Now this problem can be solved via one large LP, where the solution vector of the problem will be of size $m_{2}n$, and every $n$ variables will represent one $i$ that we are checking. It's possible because we need to check if every $i$ has a feasible solution, and since for every $i$, the check needs to be done is independent from other $i$s, it's possible to either be done parallelly or in a single large LP.

Hope it can serve someone else well too :)

Answer 2

Also managed to solve it in V-representation if anyone needs it:

Let $P_1$ be a polytope defined by his vertices $p_{11},p_{12},…,p_{1n}$.

Let $P_2$ be a polytope defined by his vertices $p_{21},p_{22},…,p_{2m}$.

We want to check if $P_1 \subseteq P_2$. Note, that due to convexity, $(\{p_{11}, p_{12}, ..., p_{1n}\} \subseteq P_2) \rightarrow P_1 \subseteq P_2$. So, we'll check that instead: $\forall_{v\in\{p_{11}, p_{12}, ..., p_{1n}\}}(\exists \alpha ((\sum^{m}_{j=1} \alpha_{j} = 1)\wedge(\forall_{1<=j<=m}(\alpha_j>=0))\wedge(\sum^{m}_{j=1}\alpha_jp_{2j}=v)))$

This is due the definition of a convex combination.

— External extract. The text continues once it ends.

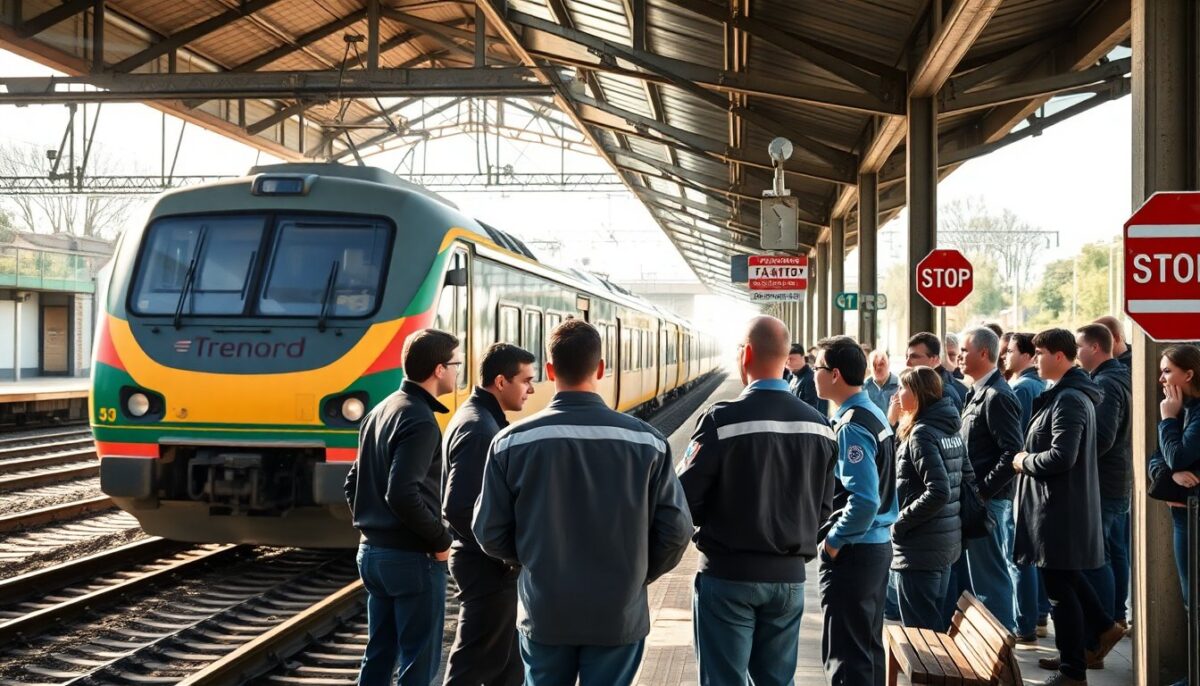 Sicurezza Ferroviaria: Urgenti Richieste di Intervento dopo l’Omicidio di un Capotreno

This can be done in a single LP, with $nm$ decision variables, where every $m$ variables will represent feasibility for a single vertex in $\{p_{11}, p_{12}, ..., p_{1n}\}$. We need to check that there exists $\alpha$ for every $v\in\{p_{11}, p_{12}, ..., p_{1n}\}$ independently, so it is able to be either done parallelly in $n$ different LPs, or a single large one.